About this exercise.
Only text belongs in your copy of the listing below; reproduce it exactly and leave out the pictures.

Data shown.
[Start of section]

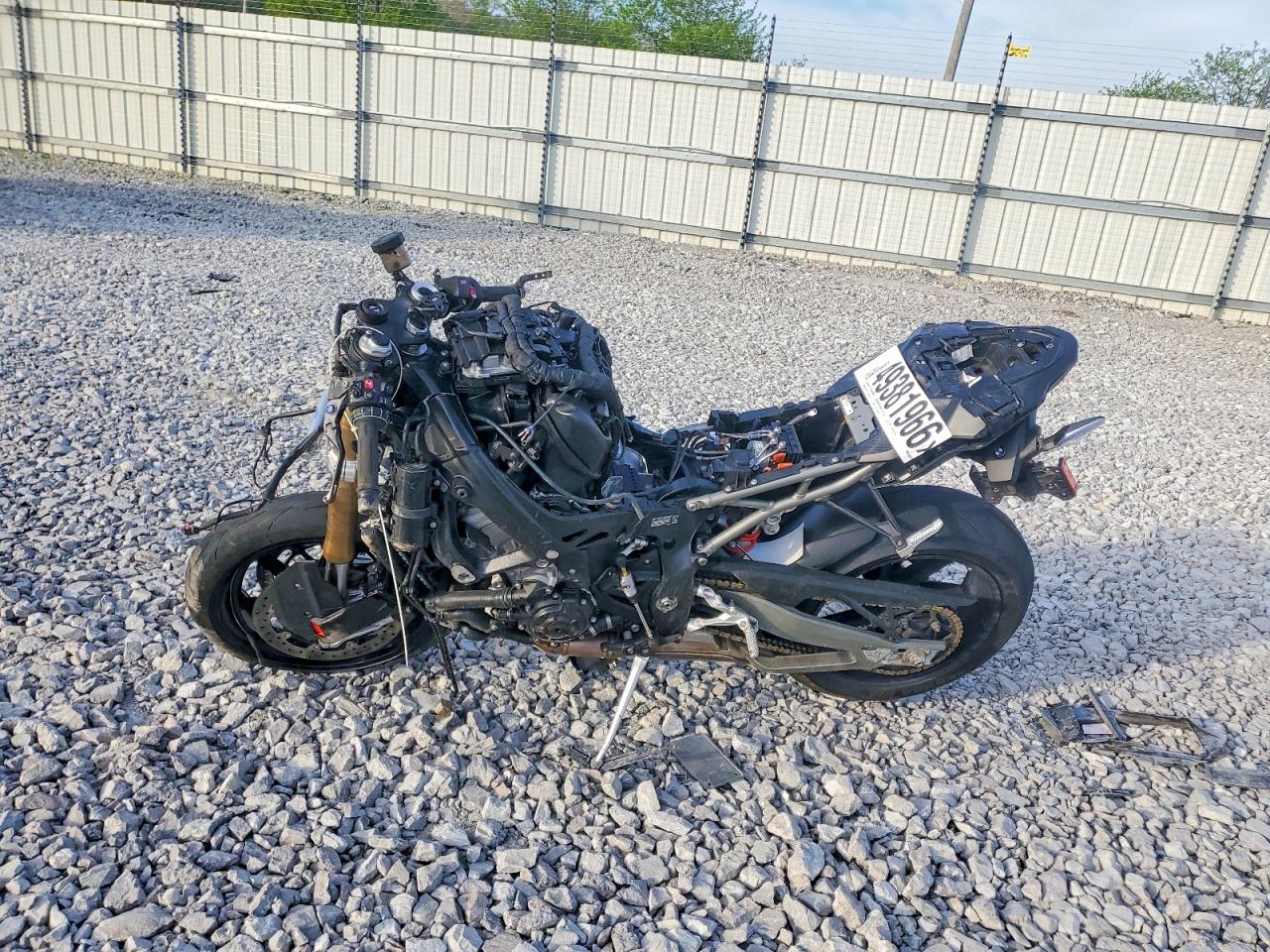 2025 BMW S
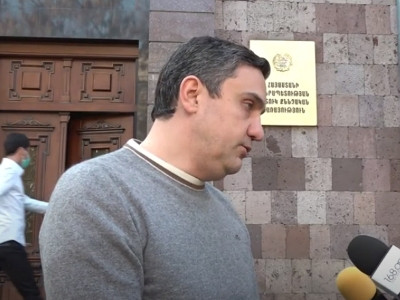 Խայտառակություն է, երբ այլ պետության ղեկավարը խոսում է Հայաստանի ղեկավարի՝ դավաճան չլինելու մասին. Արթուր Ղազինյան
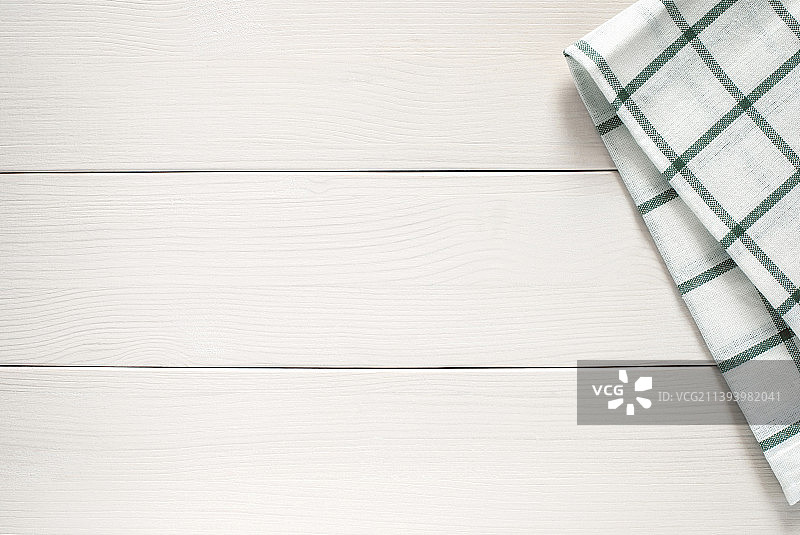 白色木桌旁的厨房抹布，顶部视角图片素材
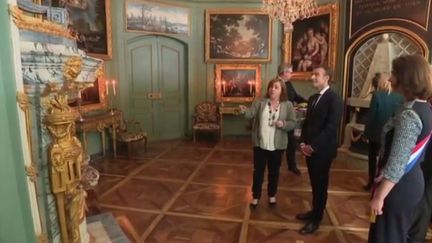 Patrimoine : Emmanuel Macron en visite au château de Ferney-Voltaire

[End of section]

Response to the task.
 2025 BMW S
 Խայտառակություն է, երբ այլ պետության ղեկավարը խոսում է Հայաստանի ղեկավարի՝ դավաճան չլինելու մասին. Արթուր Ղազինյան
 白色木桌旁的厨房抹布，顶部视角图片素材
 Patrimoine : Emmanuel Macron en visite au château de Ferney-Voltaire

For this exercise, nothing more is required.